L'objectif de cette UE est d'appliquer une démarche scientifique complète pour l'analyse de données expérimentales en bioinformatique.
Cette démarche englobe différents aspects du travail de recherche en bioinformatique.
Elle porte notamment sur les notions de plan d'expérience, les techniques d'extraction et de manipulation de données, l'analyse statistique de ces données et l'interprétation des résultats.
Elle repose sur l'utilisation d'outils bioinformatiques classiques et permet d'illustrer des questions qui demeurent actuellement ouvertes ou qui font l'objet de travaux de recherche en cours.

Contenu

Le fil conducteur de l'UE est la recherche de marqueurs associés à une maladie génétique.
Les données de départ sont constituées des données génomiques séquencées de sujets sains et de sujets malades.
Les séances couvrent les étapes successives de l'analyse de ces données afin :

d'identifier des variation génomiques candidates pouvant être associées à une maladie génétique
d'identifier les mécanismes biologiques sous-jacents.
Concrètement, les données génomiques seront consituées pour chaque patient d'un jeux de séquences générés par un séquenceurs nouvelle génération (NGS).
Chaque jeux de donnée consiste en un grand nombre (centaine de millions) de courtes séquences (les reads) de taille 100 nucléotides (ACGT).
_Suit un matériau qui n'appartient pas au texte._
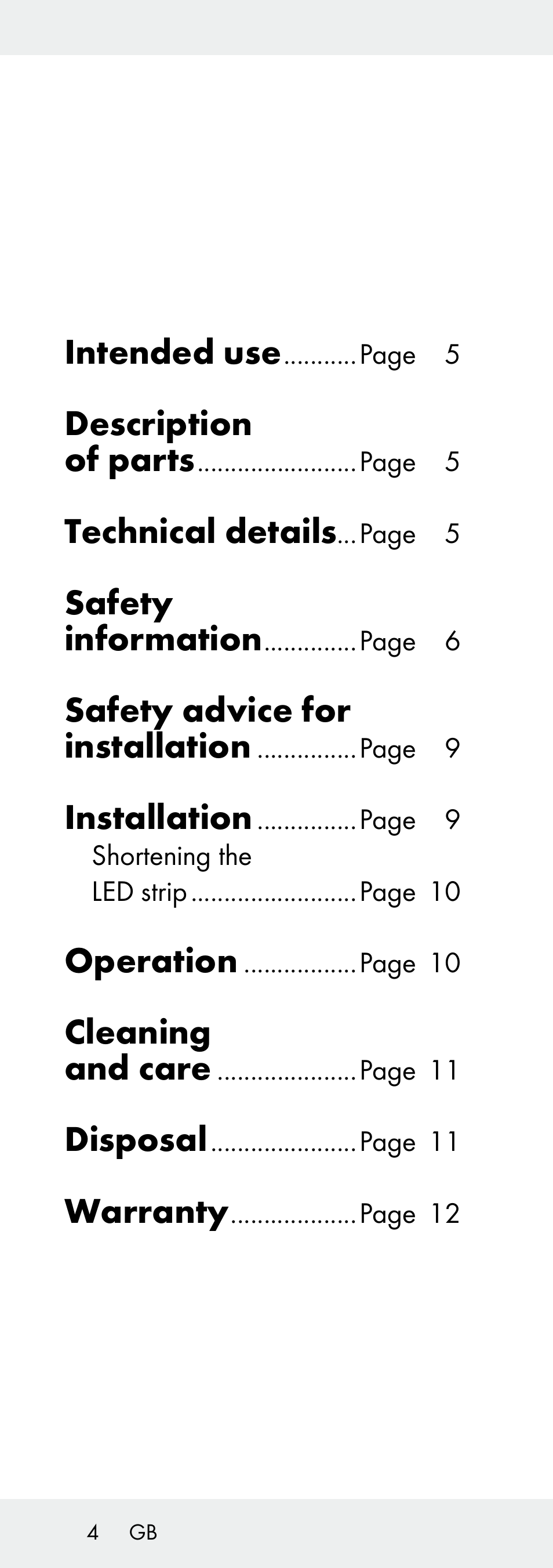 Livarno Z31392A-BS User Manual | Page 4 / 72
La première étape consiste à explorer les solutions algorithmiques permettant de déterminer efficacement les variations génétiques présentes dans ces masses de données. Et à associer les variants détécté aux gènes auxquels ils appartiennent.
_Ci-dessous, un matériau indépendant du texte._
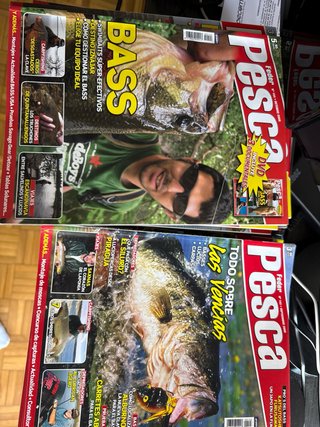 Colección de revistas Feder pesca 2008 - 2010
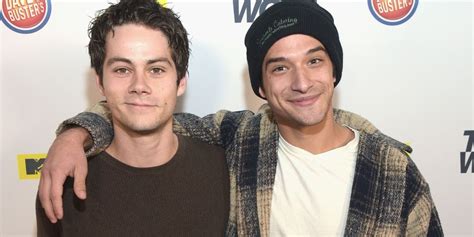 Tyler Posey's Emotional Reaction to Dylan O'Brien's Stunt Accident Will Melt Your Heart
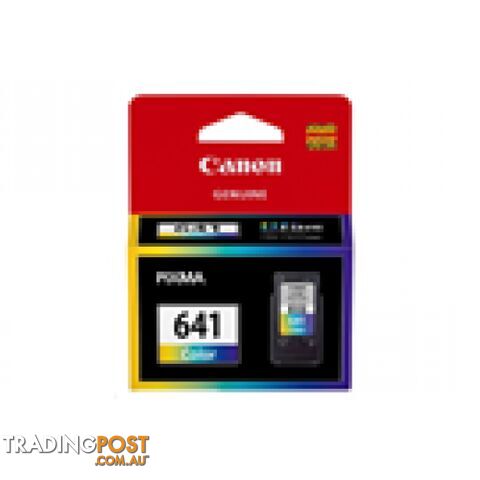Canon CL-641 Colour Ink Cartridge - Canon - CL-641 Colour - 0.60kg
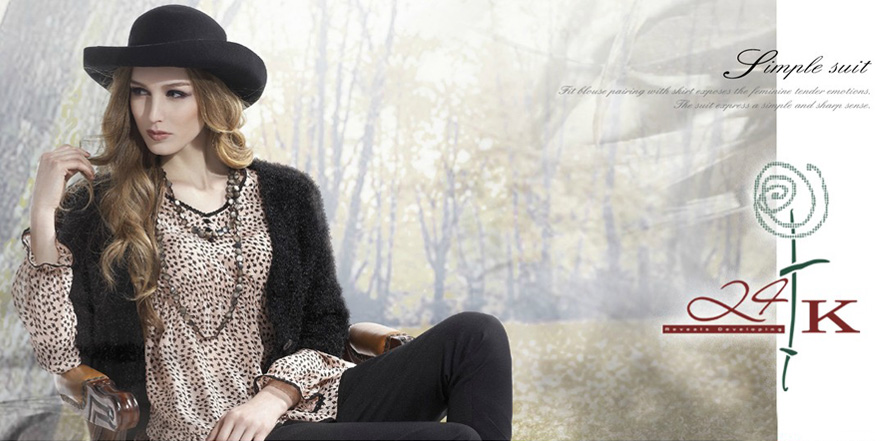 24K女装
De très nombreuses variations génétiques sont attendues, y compris entre individus sains.
Il est donc nécessaire de determiner les variants qui sont spécifiquement associés à la maladie.
Ainsi, une fois les variants détectés, la seconde étape consiste en une étude statistique permettant d'évaluer le niveau de corrélation de chaque variant avec la maladie.
À ce stade, on dispose de variants directement exploitables, par exemple pour faire du diagnostic sur de nouveaux patients.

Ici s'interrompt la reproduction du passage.